[TASK DIRECTIONS]:
Reproduce the records below exactly, but only between the lines holding "Mercedes-Benz Klasa E" and "A-SA005 Stabilizer Arm PN: SA005", inclusive.

───

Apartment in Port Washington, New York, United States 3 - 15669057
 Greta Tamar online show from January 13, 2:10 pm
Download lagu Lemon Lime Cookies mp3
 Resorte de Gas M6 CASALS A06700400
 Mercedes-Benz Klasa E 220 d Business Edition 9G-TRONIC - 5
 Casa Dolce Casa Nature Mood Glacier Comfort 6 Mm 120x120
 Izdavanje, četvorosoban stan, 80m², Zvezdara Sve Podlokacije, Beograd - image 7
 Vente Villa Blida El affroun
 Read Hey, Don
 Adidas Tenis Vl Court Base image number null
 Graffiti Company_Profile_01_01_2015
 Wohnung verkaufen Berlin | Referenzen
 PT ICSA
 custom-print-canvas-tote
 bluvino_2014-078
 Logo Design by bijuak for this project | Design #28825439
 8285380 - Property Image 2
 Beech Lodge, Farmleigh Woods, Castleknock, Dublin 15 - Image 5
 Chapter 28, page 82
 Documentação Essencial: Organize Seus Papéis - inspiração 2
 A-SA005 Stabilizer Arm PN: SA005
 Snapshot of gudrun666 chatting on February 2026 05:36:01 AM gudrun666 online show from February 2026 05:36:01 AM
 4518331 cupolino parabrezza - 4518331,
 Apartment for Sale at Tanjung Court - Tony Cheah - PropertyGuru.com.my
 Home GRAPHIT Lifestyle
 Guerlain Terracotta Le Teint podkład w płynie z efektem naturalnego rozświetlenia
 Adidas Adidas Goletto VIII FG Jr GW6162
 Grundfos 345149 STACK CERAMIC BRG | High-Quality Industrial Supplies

───

[RESULT FOR THIS EXERCISE]:
 Mercedes-Benz Klasa E 220 d Business Edition 9G-TRONIC - 5
 Casa Dolce Casa Nature Mood Glacier Comfort 6 Mm 120x120
 Izdavanje, četvorosoban stan, 80m², Zvezdara Sve Podlokacije, Beograd - image 7
 Vente Villa Blida El affroun
 Read Hey, Don
 Adidas Tenis Vl Court Base image number null
 Graffiti Company_Profile_01_01_2015
 Wohnung verkaufen Berlin | Referenzen
 PT ICSA
 custom-print-canvas-tote
 bluvino_2014-078
 Logo Design by bijuak for this project | Design #28825439
 8285380 - Property Image 2
 Beech Lodge, Farmleigh Woods, Castleknock, Dublin 15 - Image 5
 Chapter 28, page 82
 Documentação Essencial: Organize Seus Papéis - inspiração 2
 A-SA005 Stabilizer Arm PN: SA005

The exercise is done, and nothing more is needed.